What to produce: Extract from the entries below, exactly as given, only the lines from the line containing "639 4-bed Vacation Near Holiday home Orlando" to the line containing "UCSB Art, Design", both lines included.

BEGIN Records

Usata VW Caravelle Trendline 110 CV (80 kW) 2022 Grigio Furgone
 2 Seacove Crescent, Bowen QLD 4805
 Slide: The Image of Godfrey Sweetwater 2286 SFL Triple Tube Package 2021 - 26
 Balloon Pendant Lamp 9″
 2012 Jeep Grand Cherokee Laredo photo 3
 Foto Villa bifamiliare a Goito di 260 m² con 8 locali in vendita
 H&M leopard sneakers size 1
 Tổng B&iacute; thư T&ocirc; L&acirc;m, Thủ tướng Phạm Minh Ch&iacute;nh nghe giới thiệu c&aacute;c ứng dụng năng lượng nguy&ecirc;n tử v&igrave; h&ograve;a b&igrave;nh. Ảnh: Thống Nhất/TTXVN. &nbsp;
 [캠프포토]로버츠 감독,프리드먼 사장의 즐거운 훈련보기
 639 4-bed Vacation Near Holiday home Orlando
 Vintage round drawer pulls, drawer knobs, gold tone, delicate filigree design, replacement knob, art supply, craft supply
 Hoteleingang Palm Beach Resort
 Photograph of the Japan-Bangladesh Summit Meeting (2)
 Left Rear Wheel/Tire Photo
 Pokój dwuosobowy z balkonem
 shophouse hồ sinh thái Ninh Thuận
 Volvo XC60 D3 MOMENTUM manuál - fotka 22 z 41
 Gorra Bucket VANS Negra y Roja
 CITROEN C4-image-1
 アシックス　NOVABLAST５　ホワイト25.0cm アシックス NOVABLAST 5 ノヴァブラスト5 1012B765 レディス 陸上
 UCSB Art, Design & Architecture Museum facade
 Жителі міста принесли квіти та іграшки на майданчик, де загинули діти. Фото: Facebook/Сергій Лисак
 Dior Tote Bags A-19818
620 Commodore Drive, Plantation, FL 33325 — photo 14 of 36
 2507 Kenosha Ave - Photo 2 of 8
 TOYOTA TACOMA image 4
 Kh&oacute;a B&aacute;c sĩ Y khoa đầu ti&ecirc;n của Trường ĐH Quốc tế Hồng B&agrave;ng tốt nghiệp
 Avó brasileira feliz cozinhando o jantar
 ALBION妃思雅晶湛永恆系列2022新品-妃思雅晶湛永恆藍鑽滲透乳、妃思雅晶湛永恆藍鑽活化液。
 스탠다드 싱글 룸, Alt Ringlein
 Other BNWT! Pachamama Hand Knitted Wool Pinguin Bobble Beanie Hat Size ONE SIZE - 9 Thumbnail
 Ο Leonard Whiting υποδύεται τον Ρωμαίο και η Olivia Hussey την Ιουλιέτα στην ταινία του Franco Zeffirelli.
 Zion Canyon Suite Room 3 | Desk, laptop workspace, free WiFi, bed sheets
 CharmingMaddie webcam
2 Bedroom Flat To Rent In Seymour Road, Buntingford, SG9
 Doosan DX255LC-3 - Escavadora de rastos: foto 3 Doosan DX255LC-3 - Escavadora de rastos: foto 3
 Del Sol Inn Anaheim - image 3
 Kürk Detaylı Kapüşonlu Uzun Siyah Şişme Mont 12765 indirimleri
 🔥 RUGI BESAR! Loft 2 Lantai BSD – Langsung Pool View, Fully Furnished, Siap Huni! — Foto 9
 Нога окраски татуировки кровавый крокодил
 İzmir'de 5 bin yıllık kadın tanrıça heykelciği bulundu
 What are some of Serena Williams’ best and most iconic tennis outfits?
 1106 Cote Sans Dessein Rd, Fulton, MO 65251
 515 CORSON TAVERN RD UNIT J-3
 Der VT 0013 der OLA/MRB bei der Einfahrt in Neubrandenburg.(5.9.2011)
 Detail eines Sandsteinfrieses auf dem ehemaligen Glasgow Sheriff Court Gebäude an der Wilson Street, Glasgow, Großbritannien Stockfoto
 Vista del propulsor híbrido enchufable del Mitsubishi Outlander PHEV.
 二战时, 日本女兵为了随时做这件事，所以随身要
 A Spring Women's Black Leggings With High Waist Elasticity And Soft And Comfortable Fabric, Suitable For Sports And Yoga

END Records

Written response:
 639 4-bed Vacation Near Holiday home Orlando
 Vintage round drawer pulls, drawer knobs, gold tone, delicate filigree design, replacement knob, art supply, craft supply
 Hoteleingang Palm Beach Resort
 Photograph of the Japan-Bangladesh Summit Meeting (2)
 Left Rear Wheel/Tire Photo
 Pokój dwuosobowy z balkonem
 shophouse hồ sinh thái Ninh Thuận
 Volvo XC60 D3 MOMENTUM manuál - fotka 22 z 41
 Gorra Bucket VANS Negra y Roja
 CITROEN C4-image-1
 アシックス　NOVABLAST５　ホワイト25.0cm アシックス NOVABLAST 5 ノヴァブラスト5 1012B765 レディス 陸上
 UCSB Art, Design & Architecture Museum facade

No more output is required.